In survey sampling, Total Survey Error includes all forms of survey error including sampling variability, interviewer effects, frame errors, response bias, and non-response bias. Total Survey Error is discussed in detail in many sources including Salant and Dillman.

==Definition==
Total Survey Error is the difference between a population parameter (such as the mean, total or proportion) and the estimate of that parameter based on the sample survey or census. It has two components: sampling error and nonsampling error. Sampling error, which occurs in sample surveys but not censuses results from the variability inherent in using a randomly selected fraction of the population for estimation.
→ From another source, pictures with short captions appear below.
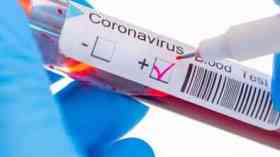 £4m data project to accelerate coronavirus research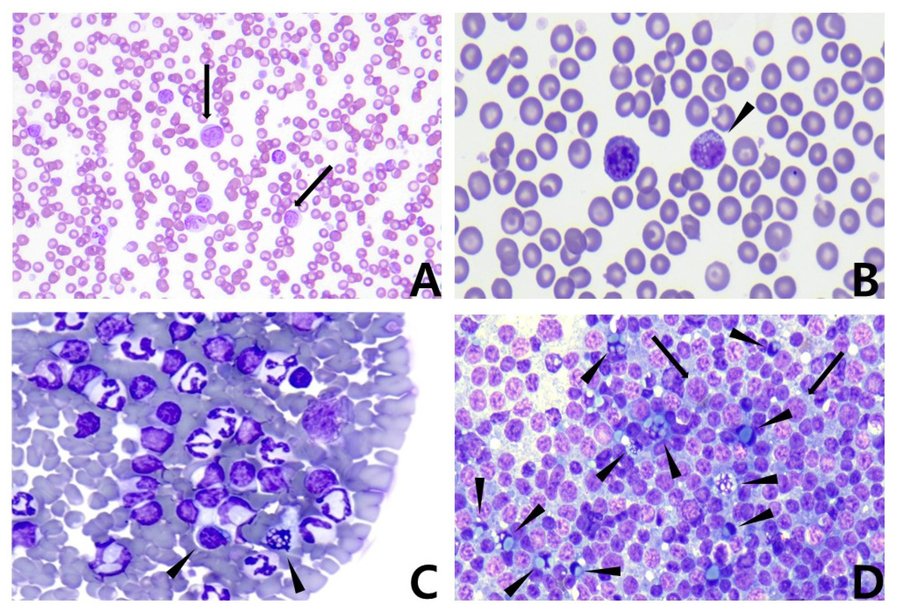 Lymphoblastes au frottis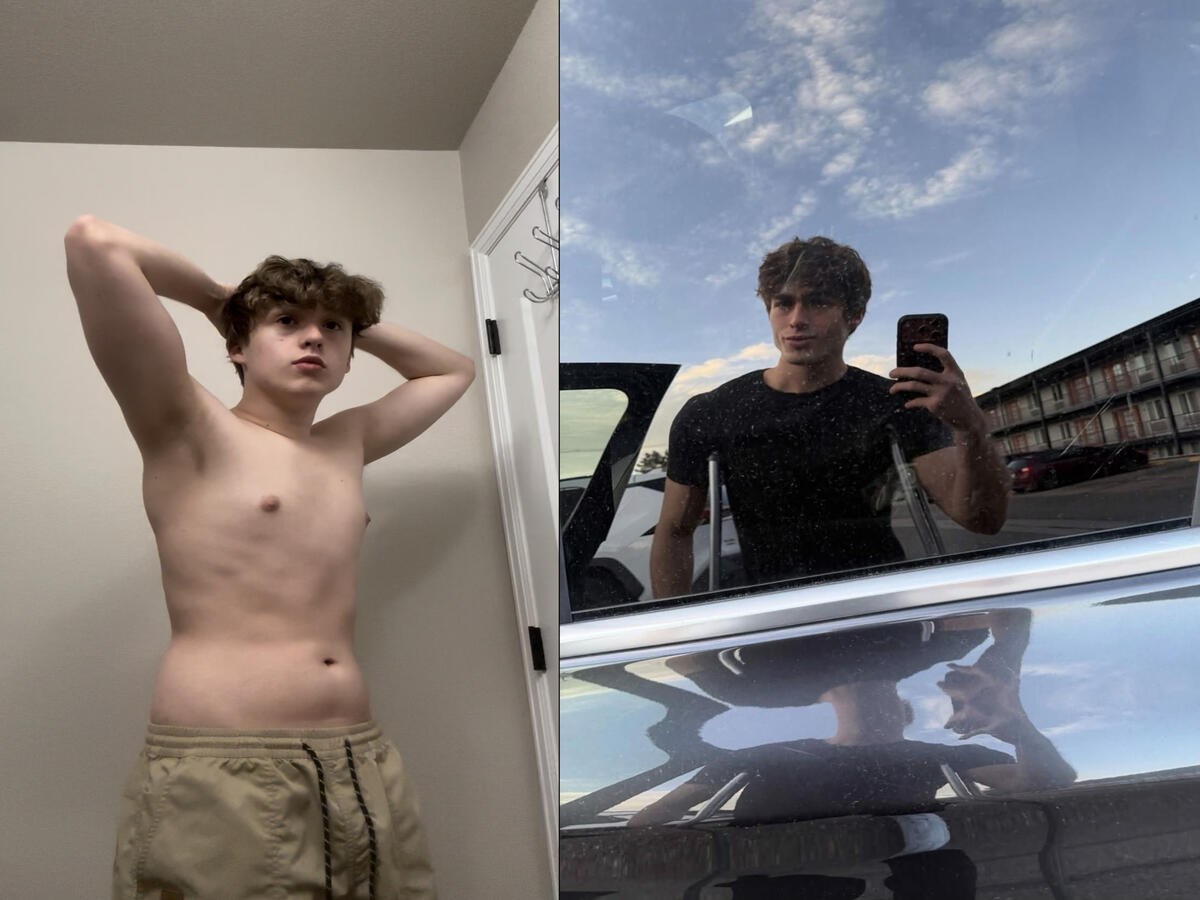 Eli Before & After- 4.5 Months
Nonsampling error, which occurs in surveys and censuses alike, is the sum of all other errors, including errors in frame construction, sample selection, data collection, data processing and estimation methods.

==Sources of nonsampling error==
The survey literature decomposes nonsampling errors into five general sources or types: specification error, frame error, nonresponse error, measurement error, and processing error.

- Specification error occurs when the concept implied by the survey question differs from the concept meant to be measured in the survey. Specification error is often caused by poor communication between the researcher, data analyst, or survey sponsor and the questionnaire designer.
- Frame error typically results from the frame construction process. For example, some units may be omitted or duplicated an unknown number of times, or some ineligible units may be included on the frame, such as businesses that are not farms in a farm survey.
- Nonresponse error encompasses both unit nonresponse (sampling unit does not respond to any part of the questionnaire) and item nonresponse (the questionnaire is partially completed). When the reason for nonresponse is related to the missing value, parameter estimates can be biased when nonresponse is not accounted for.
- Measurement error occurs when the method of obtaining the measurement affects the recorded value, often involving simultaneously the respondent, the interviewer, and the survey questionnaire. Measurement error has been studied and reported extensively in the survey methods literature, perhaps more than any other source of nonsampling error.()
- Finally, processing error refers to errors that arise during the data processing stage, including errors in the editing of the data, data encoding, the assignment of survey weights, and tabulation of the survey data.